Une fois passé le choc culturel de cette décision, les bénéfices sanitaires seraient évidents : on pourrait s’attendre à éviter près de 110 000 décès prématurés chaque année.
Si l’alcool et le tabac venaient à disparaitre de notre quotidien, ce serait d’abord un véritable choc culturel, notamment en France où la sociabilisation est étroitement liée à la gastronomie et à la « pause cigarette ». Le milieu festif serait fortement affecté. L’industrie du tabac, avec ses 80 000 emplois, serait laissée-pour-compte, tandis que les 142000 viticulteurs du pays seraient plongés dans une crise profonde. « Ces substances sont associées à des valeurs telles que le vivre-ensemble et la préservation du patrimoine, note Bernard Basset, président de l’association Addictions France.
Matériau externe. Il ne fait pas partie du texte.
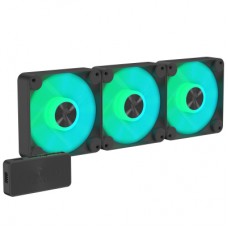 Кулер для корпуса APNX APF3-PF11257.11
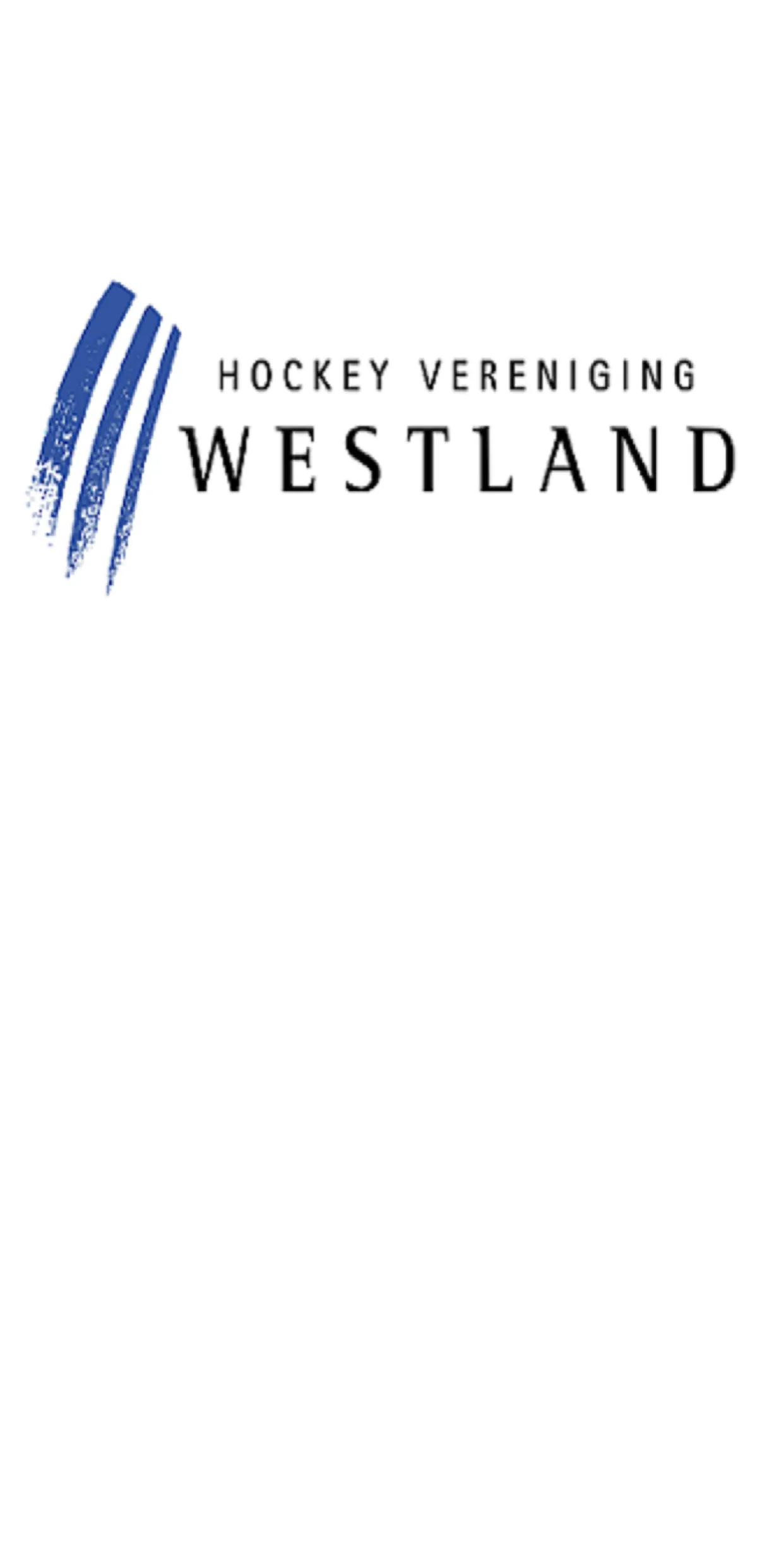 HV Westland | Indus Appstore | Screenshot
Il est donc difficile de s’en émanciper. Pourtant, on observe une désaffection croissante, en particulier chez les jeunes générations, qui pourrait laisser entrevoir un scénario similaire. » En effet, la proportion de fumeurs quotidiens est passée de 28,6% en 2014 à 18,2% en 2024, la consommation d’alcool de 12 litres d’alcool pur par personne et par an à 10,4 pendant cette même décennie, d’après l’Observatoire français des drogues et des tendances addictives (OFDT).
Or, faire une croix sur les deux premières causes de mortalité évitables entrainerait aussi une révolution sanitaire.
D’après Santé publique France, l’alcool est responsable de 112 décès par jour, dont environ 40 % liés à des cancers et 25 % à des maladies cardiovasculaires. Quant au tabac, 200 décès par jour lui sont attribués, principalement des cancers du poumon, des maladies cardiovasculaires et respiratoires chroniques. Au total, on peut s’attendre à éviter près de 110 000 décès prématurés chaque année.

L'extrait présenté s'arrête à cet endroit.